Türkiye’deki iktidar, iç politikada satabileceği, hatta başarıyla da sattığı bir anlatı üretti. Bunu iç siyasette iyi de satıyor, hatta bu konuda o kadar başarılı ki, muhalefet de peşine takıyor, Türkiye bu yazdığı destanlar! konusunda kendi çalıyor, kendi oynuyor.

Dışarıdan bakıldığında ise görünen şu: Türkiye’yi son 10 yıl boyunca beraber yönetmiş iki klik çatışmış, araları bozulmuş, şimdi biri birini elimine etmeye çalışıyor. iktidar eski ortağını elimine etme bahanesiyle, demokrasiyi askıya alıyor, kendine biat etmeyen herkese her kesime mezalim uyguluyor. Destan yazıyoruz, Türkiye düşmanlarıyla savaşıyoruz denilen Türkiye’de, iktidar ve iktidar yanlısı bir kesim arasında al takke ver külah alışveriş devam ediyor.

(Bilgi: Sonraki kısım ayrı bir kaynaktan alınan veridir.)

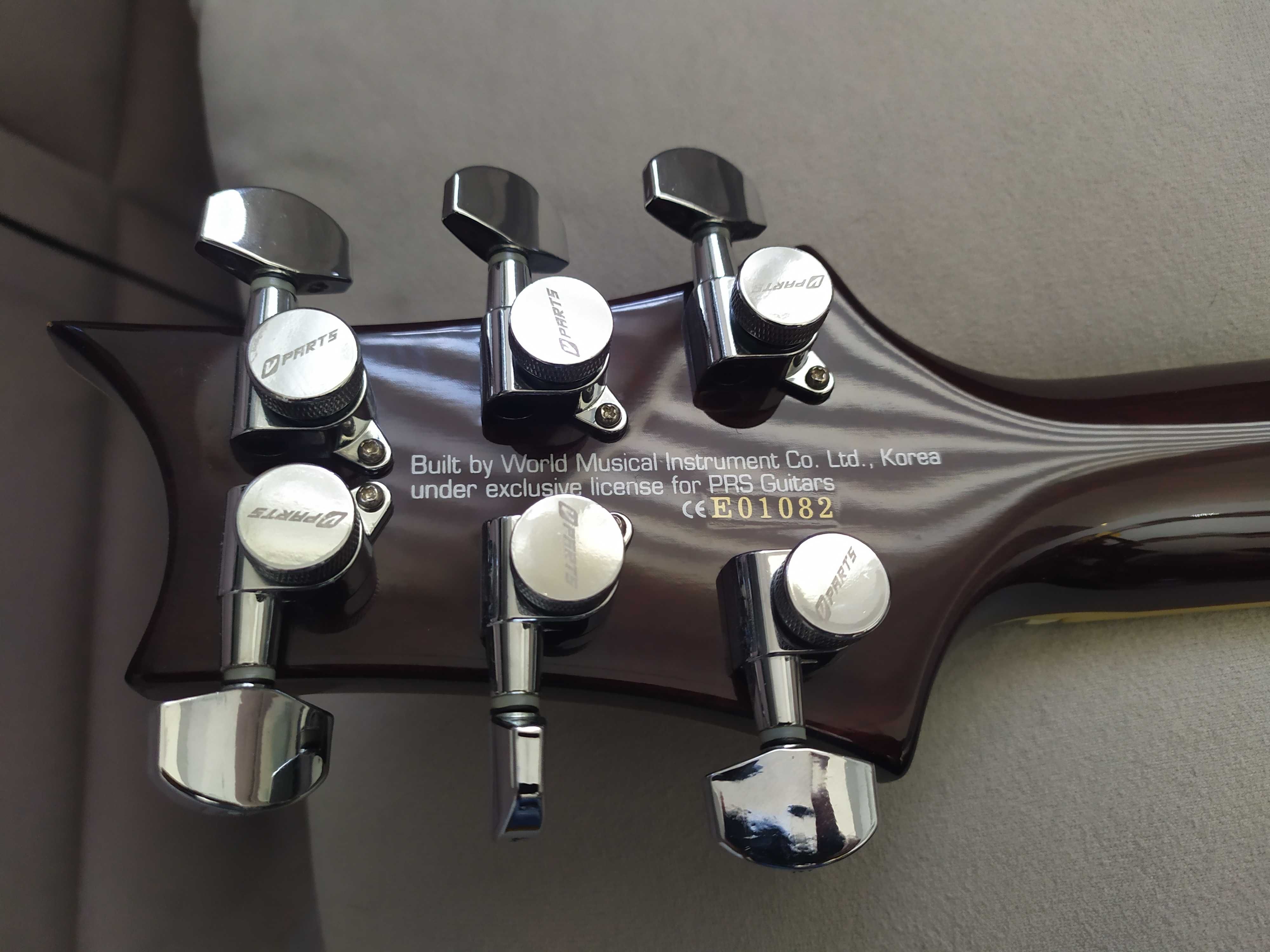 Gitara PRS Santana SE [przetworniki Duncan Ibanez]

Araziler iktidara yakın dindar vakıflara peşkeş çekiliyor. İktidara yakın firmaların yaptığı, köprülere tünellere, hükümet dolarla geçiş garantisi veriyor; yani vatandaşın vergisiyle kendine yakın iş adamlarını besliyor.

Bunun karşılığında bu iş adamlarına medyayı finanse ettiriyor ve Türkiye’de medyada sadece Erdoğan’a yönelik övgüler yer alabiliyor. İktidarın yaptığı yanlışları her söyleyenin, her yazan çizenin sesi kesiliyor. İşte bu tabloya kimse destan diye bakmıyor.